• SUPPLIED ENTRIES:
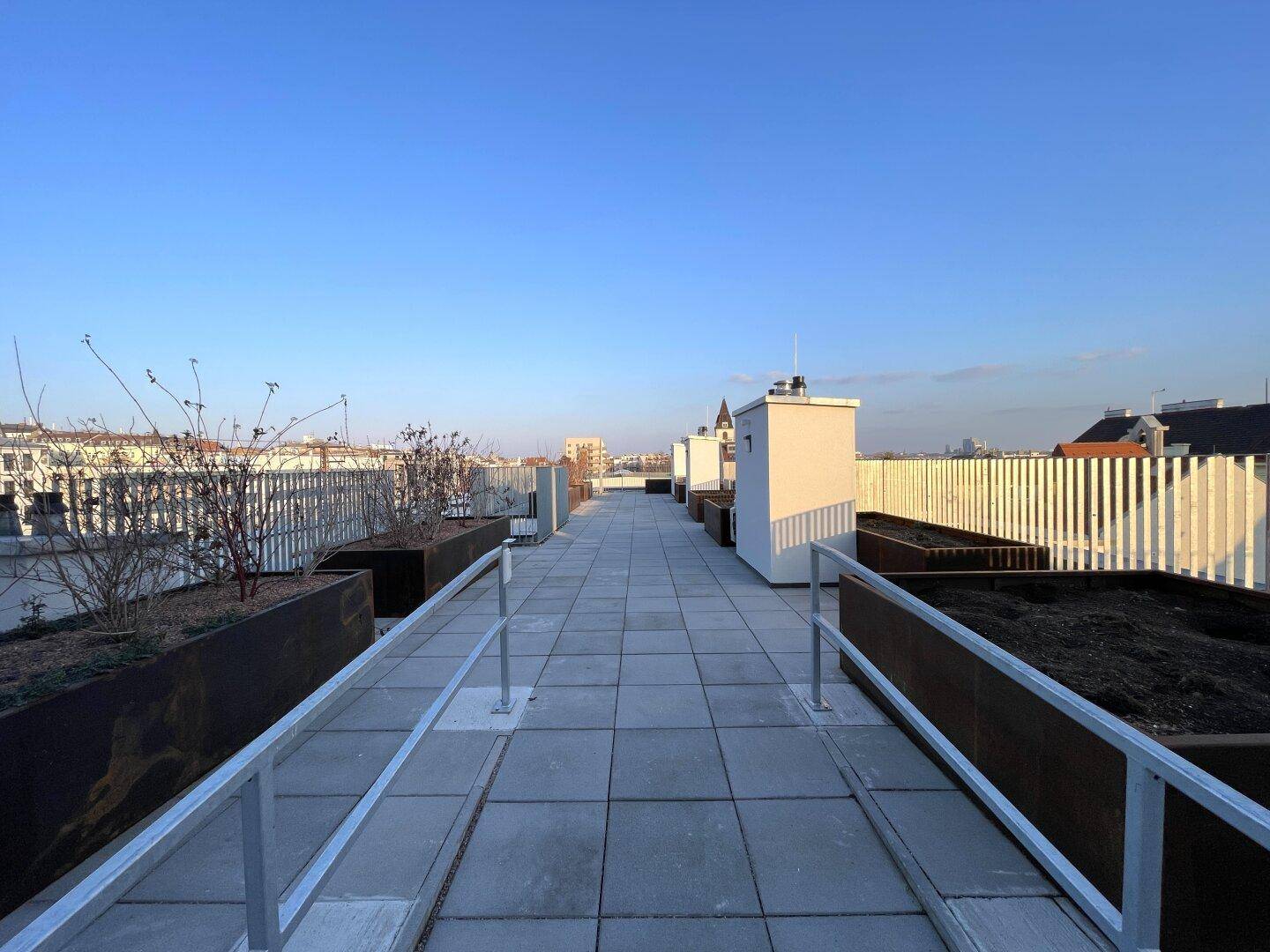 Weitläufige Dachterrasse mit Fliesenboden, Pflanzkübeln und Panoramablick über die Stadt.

---

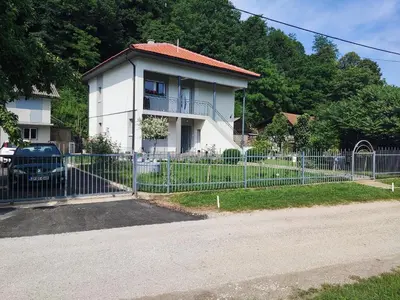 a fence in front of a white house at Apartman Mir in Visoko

...

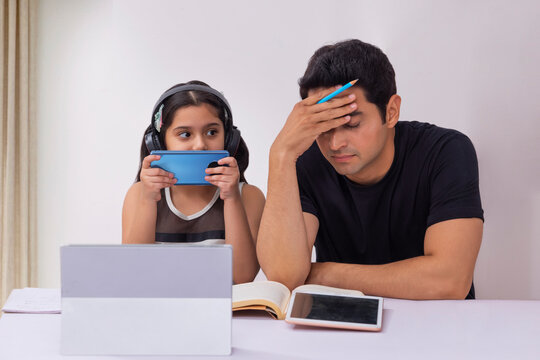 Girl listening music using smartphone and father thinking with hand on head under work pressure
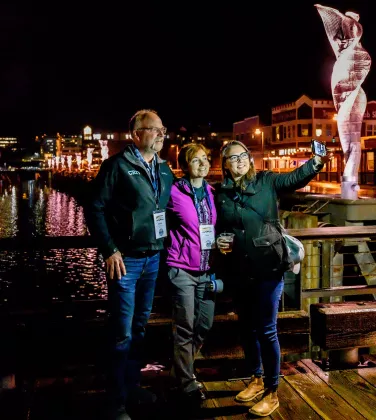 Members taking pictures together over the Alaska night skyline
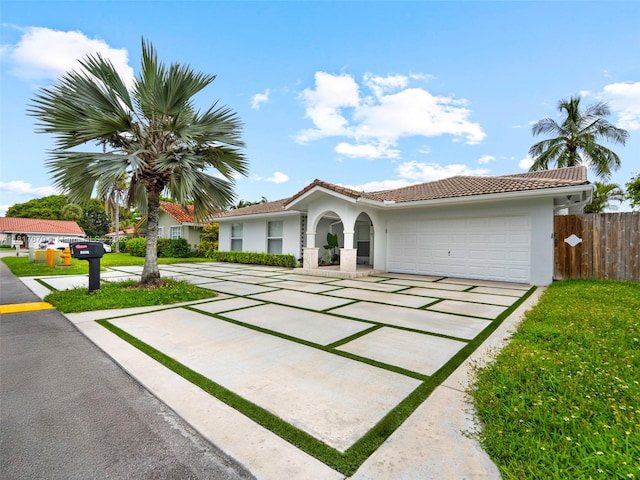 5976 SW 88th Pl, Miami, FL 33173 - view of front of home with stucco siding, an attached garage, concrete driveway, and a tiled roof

• TASK DESCRIPTION:
Leaving out the pictures, please output the lines in the entries above from the one with "Members taking pictures" through the one with "5976 SW 88th", exactly as they are.

• REPLY:
 Members taking pictures together over the Alaska night skyline
 5976 SW 88th Pl, Miami, FL 33173 - view of front of home with stucco siding, an attached garage, concrete driveway, and a tiled roof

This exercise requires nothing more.